> _What you should do_:
Please output exactly the part of the records below that opens with the line containing "Key Ring (Front)" and closes with the line containing "2024 Luxurious Pink", both lines included, and nothing else.

++++ Information shown

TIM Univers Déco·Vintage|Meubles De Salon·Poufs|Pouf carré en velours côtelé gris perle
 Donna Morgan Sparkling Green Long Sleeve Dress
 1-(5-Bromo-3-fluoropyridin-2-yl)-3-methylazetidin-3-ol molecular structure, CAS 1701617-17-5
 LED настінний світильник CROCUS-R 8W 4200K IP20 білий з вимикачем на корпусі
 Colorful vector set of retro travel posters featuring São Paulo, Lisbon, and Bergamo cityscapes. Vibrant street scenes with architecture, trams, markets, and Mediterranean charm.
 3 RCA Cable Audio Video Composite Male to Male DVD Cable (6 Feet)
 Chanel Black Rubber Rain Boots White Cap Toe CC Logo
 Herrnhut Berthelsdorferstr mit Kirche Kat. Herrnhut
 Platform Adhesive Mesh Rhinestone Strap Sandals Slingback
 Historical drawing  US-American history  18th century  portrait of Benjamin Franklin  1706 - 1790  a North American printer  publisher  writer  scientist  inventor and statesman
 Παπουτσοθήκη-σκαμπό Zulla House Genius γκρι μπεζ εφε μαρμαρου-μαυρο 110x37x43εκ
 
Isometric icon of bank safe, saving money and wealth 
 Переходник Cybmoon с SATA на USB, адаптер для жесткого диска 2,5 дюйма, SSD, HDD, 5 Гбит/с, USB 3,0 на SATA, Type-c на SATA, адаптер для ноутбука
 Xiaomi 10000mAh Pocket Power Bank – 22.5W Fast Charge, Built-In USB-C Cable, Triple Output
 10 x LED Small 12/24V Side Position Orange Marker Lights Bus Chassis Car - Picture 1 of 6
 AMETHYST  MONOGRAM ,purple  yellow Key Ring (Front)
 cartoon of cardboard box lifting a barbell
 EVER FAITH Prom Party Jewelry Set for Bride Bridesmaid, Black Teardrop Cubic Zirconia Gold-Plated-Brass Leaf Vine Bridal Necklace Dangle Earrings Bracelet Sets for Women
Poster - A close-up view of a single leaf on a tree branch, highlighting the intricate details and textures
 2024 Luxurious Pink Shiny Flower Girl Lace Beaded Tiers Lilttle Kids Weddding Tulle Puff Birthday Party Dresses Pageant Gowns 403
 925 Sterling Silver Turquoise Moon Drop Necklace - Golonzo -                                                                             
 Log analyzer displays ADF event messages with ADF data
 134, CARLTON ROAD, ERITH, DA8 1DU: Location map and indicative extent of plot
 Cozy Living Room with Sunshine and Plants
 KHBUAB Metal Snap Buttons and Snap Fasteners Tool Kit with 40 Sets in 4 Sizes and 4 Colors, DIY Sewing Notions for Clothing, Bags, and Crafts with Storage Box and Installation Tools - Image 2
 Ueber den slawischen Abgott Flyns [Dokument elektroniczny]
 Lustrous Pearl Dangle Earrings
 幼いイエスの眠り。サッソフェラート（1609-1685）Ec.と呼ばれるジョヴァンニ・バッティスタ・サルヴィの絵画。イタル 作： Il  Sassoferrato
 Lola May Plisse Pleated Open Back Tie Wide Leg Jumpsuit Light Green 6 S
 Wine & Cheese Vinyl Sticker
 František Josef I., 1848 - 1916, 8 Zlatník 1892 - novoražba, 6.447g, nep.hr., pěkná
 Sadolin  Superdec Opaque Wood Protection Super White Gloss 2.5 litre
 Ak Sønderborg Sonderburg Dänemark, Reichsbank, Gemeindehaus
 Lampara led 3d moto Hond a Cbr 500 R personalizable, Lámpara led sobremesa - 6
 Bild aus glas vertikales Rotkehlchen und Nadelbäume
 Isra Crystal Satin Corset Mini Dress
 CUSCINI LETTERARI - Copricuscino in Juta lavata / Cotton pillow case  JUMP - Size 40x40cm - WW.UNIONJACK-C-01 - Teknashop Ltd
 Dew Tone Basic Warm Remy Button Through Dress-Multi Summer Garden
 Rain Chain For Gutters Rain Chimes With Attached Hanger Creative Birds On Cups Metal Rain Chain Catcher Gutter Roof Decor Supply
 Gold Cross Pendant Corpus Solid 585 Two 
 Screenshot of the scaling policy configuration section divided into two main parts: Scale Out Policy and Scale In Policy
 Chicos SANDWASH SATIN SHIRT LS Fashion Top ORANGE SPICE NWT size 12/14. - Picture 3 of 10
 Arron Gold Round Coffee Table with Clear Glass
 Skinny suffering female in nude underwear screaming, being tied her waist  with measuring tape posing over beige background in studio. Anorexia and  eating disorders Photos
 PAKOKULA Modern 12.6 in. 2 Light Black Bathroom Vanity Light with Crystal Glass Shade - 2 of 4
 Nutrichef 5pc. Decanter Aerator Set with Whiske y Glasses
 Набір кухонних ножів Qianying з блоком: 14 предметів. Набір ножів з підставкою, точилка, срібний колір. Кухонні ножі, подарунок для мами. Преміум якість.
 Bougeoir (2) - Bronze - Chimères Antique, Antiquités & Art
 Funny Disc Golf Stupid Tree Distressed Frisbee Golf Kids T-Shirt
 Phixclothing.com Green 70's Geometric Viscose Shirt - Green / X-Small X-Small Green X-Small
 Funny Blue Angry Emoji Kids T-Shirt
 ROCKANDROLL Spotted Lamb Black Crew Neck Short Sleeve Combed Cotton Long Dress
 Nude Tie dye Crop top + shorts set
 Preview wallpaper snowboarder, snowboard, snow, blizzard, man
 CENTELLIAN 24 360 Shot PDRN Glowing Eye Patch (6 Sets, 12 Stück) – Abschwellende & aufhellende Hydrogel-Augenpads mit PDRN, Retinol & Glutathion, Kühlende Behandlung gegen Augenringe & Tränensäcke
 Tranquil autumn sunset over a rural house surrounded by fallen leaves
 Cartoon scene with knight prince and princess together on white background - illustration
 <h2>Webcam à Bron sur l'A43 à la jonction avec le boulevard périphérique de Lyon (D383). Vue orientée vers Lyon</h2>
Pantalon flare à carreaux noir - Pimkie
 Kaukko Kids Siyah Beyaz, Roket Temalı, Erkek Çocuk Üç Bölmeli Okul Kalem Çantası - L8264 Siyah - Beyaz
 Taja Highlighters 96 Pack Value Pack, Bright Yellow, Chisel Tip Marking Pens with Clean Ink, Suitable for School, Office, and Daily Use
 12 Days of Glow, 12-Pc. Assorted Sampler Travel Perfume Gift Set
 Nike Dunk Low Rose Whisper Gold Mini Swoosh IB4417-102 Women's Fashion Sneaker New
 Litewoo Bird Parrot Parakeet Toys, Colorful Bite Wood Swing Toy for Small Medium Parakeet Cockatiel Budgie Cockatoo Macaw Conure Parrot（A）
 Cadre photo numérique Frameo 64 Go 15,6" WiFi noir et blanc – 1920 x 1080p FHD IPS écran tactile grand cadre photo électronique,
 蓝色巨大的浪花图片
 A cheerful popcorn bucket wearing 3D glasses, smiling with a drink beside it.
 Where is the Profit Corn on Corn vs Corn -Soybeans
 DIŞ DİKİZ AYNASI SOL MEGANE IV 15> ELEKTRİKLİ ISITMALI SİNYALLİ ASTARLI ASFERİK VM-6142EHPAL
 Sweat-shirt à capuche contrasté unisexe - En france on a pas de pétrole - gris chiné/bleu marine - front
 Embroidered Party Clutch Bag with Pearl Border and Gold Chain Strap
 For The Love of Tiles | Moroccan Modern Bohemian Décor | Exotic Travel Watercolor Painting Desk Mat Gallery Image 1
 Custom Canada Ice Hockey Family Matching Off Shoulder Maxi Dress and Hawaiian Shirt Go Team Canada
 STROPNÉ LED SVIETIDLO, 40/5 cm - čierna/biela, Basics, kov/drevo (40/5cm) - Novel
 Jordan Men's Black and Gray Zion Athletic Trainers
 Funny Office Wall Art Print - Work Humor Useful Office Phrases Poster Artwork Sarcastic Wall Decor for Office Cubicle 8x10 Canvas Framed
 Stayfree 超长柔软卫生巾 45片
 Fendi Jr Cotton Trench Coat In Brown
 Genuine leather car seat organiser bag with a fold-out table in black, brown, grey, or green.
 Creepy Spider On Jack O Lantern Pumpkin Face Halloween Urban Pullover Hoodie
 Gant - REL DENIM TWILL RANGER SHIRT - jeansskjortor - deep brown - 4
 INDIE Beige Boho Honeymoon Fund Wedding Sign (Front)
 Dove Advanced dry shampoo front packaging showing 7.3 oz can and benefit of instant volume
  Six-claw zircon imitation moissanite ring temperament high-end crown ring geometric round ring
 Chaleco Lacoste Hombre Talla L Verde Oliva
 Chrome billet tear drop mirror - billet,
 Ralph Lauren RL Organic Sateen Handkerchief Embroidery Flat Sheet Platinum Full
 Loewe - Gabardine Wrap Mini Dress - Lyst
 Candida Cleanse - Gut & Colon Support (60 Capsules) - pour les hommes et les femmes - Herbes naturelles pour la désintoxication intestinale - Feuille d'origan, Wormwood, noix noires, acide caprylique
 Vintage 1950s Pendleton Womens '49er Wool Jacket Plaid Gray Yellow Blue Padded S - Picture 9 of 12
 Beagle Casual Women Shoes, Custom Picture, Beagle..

++++++++

> _Solution for this task_:
 AMETHYST  MONOGRAM ,purple  yellow Key Ring (Front)
 cartoon of cardboard box lifting a barbell
 EVER FAITH Prom Party Jewelry Set for Bride Bridesmaid, Black Teardrop Cubic Zirconia Gold-Plated-Brass Leaf Vine Bridal Necklace Dangle Earrings Bracelet Sets for Women
Poster - A close-up view of a single leaf on a tree branch, highlighting the intricate details and textures
 2024 Luxurious Pink Shiny Flower Girl Lace Beaded Tiers Lilttle Kids Weddding Tulle Puff Birthday Party Dresses Pageant Gowns 403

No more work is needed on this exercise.